Continuing the story, Sunday the 10th was our last day in Nazareth. Sickness began and little did I know it would worsen! Thanks to jetlag, Megan and I woke up early and decided to walk around the city a little after sunrise and take more photos. We took photos of an trashed couch covered in snow, photos of harsh shadows, and even with a local barber. After a bit of breakfast, which by this time, was getting a little less continental (I only opted for yogurt, coffee, and some lemony tea), we were off to Jerusalem with a few different stops along the way.
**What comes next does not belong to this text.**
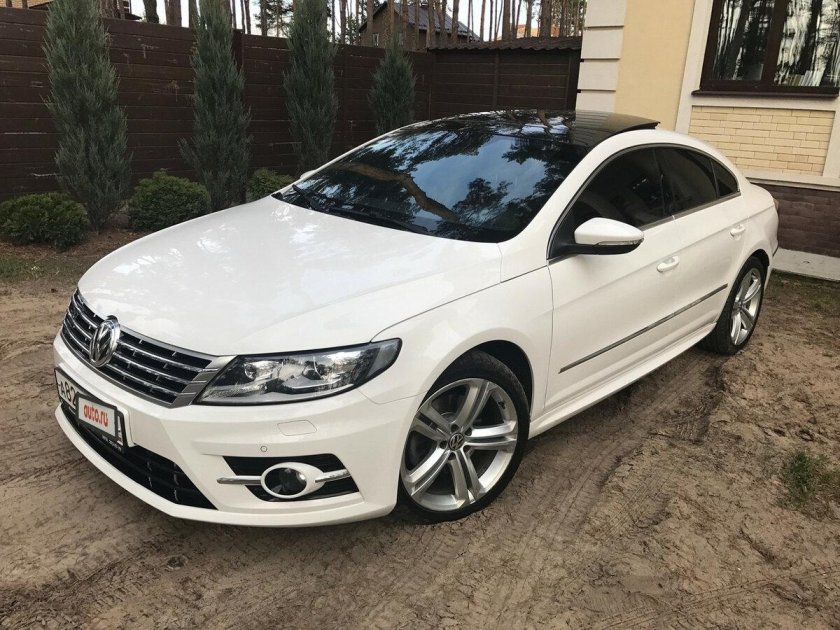 VW Passat cc 2013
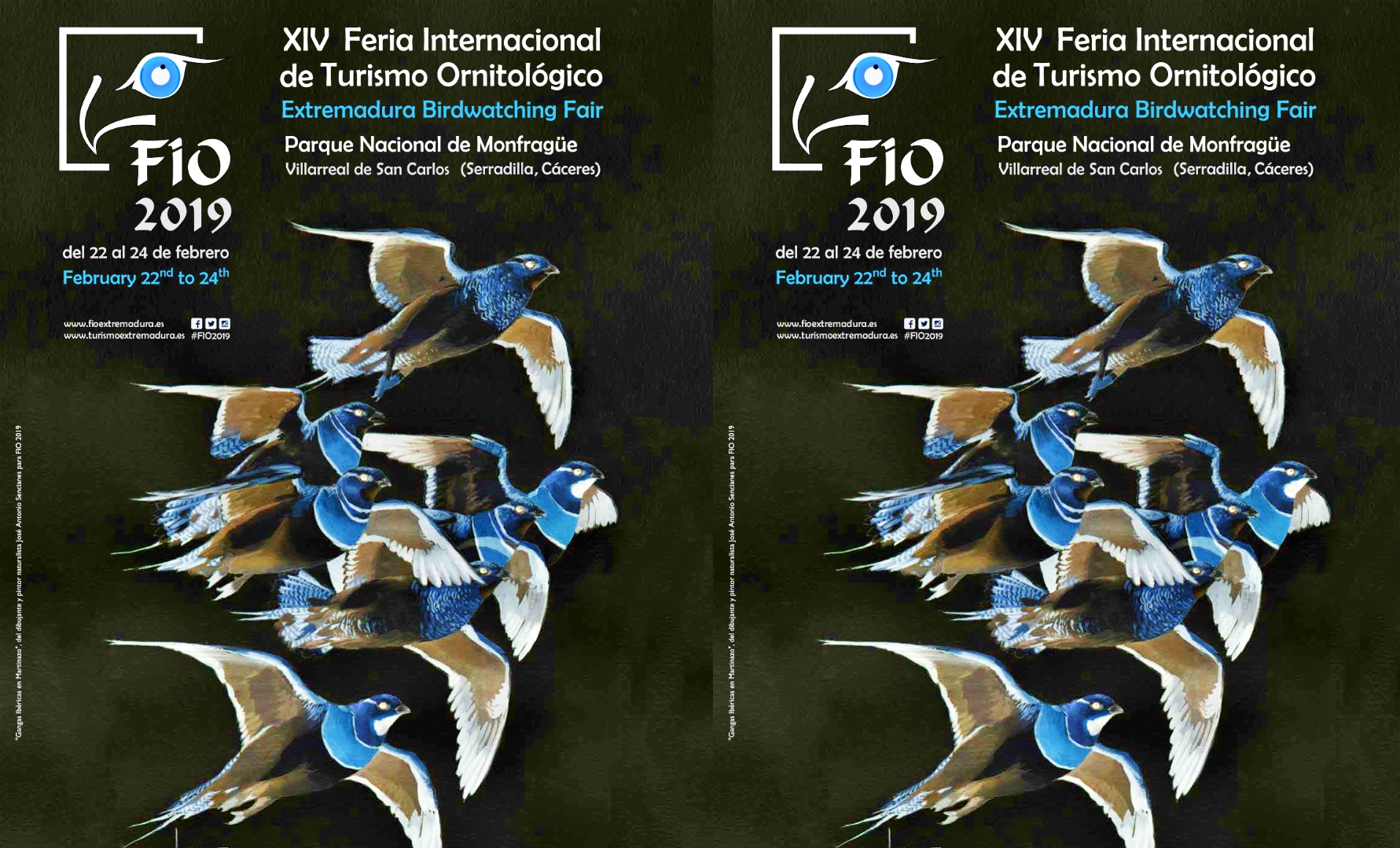 FIO cierra su 15ª edición con un manifiesto de los principales organizadores de ferias de turismo ornitológico del mundo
We first stopped at Acre / Akko / Akka. As you can see it goes by many names. It is a coastal city which has a ton of history from the Bronze Age through the Phoenicians, lived through the Greeks and Romans, to the Ottomans, Islamic era, Crusader period, etc. etc. Probably not in that exact order. Since this is not an all-encompassing history blog (sometimes I wish), I encourage you read about Acre because as dead as the city was when we visited, it really was incredibly interesting. Since this day marks the start of my sickness, I will never forget buying a grapefruit/orange juice from a street vendor and seeing it juiced the old fashion way, feeling sooo good for my throat. We explored the ruins and tunnels and made our way to a short view of the Mediterranean. Even saw a cat and decided to be meta once again with pictures of us taking pictures of us taking pictures of us… (first meta photo was photo of bakclava on bakclava on bakclava).
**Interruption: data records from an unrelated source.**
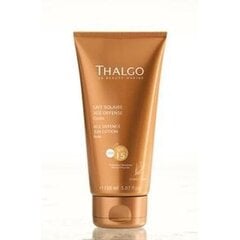 Losjonas nuo saulės SPF 15 Thalgo Age Defence, 150 ml kaina ir informacija | Thalgo Kvepalai, kosmetika | pigu.lt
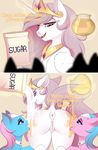  ! ... 2017 aloe_(mlp) anus bag big_butt blue_eyes blue_hair butt collage collar crown cutie_mark dialogue dock earth_pony english_text equine evehly eyebrows eyelashes eyeshadow fan_character feathered_wings feathers female female/female food food_play friendship_is_magic glass grey_hair grin group hair half-closed_eyes hi_res honey horn horse jar levitation licking looking_back lotus_(mlp) magic makeup mammal mascara my_little_pony nude open_mouth open_smile pink_eyes pink_hair pony princess_celestia_(mlp) princess_molestia puffy_anus pussy silhouette smile sugar teeth text thick_thighs tongue tongue_out winged_unicorn wings 
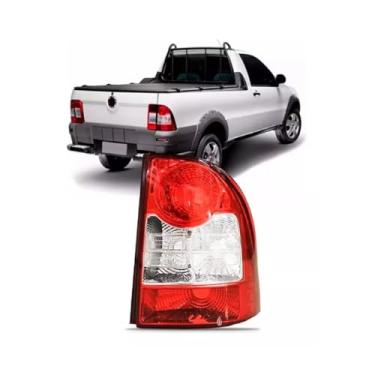 Imagem de Lanterna Traseira Strada 2009 2010 2011 2012 2013 Canto Direito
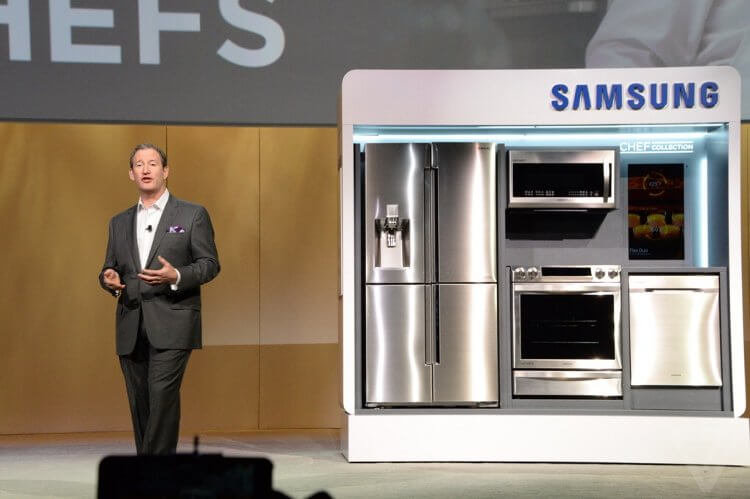 Кухонная техника Samsung 2015 года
Since we were already close to Haifa, the destination to meet our next speaker, we stopped at a Monastery called Stella Maris, grabbed some coffee and took a few photos. Besides the cool sights, drives, and history, our highlight today was speaking with Jameel Shehade and his Austrian mother, Agnes, at the House of Grace. They have been in charge of the halfway house for former prisoners and troubled youth since his father started it long ago in the awesome port city of Haifa. Amidst this conflict, it was so inspiring to see how they accepted everyone of all types of ethnicities, religions and political affiliations. The one thing that they cared about was taking care of others and showing them love. It was such a simple message that showed how resolving conflict requires seeing the humanity in others. Yet another inspiring story about how peace is possible. These little stories and miracles give one so much hope although the bigger story is such a complicated one to extract.
After than emotional rollercoaster of Q&A and storytelling, we grabbed falafel, simply stuffed with cucumber, lettuce, tomato, and a cream sauce for lunch and it was delicious. I don’t remember the name of the place, but it was the falafel place across Michelle’s Falafel. Sorry Michelle.
It’s too bad we couldn’t stay in Haifa for long, but on the road, we were able stop by the Aquaducts at Caesarea. Yup, the ones that Herod built to honor Augustus Caesar. From what I remember, it was pretty cold, but I couldn’t leave without just putting my feet in. It was so crazy looking at the structures and the ocean as the sun started to set. Also quick side note. While writing this, I had these big historical questions between who was who and who was more powerful and who would win in a fight between Alexander and Julius and Octavian and I decided that since they are all dead, I can’t dwell too much on all of that.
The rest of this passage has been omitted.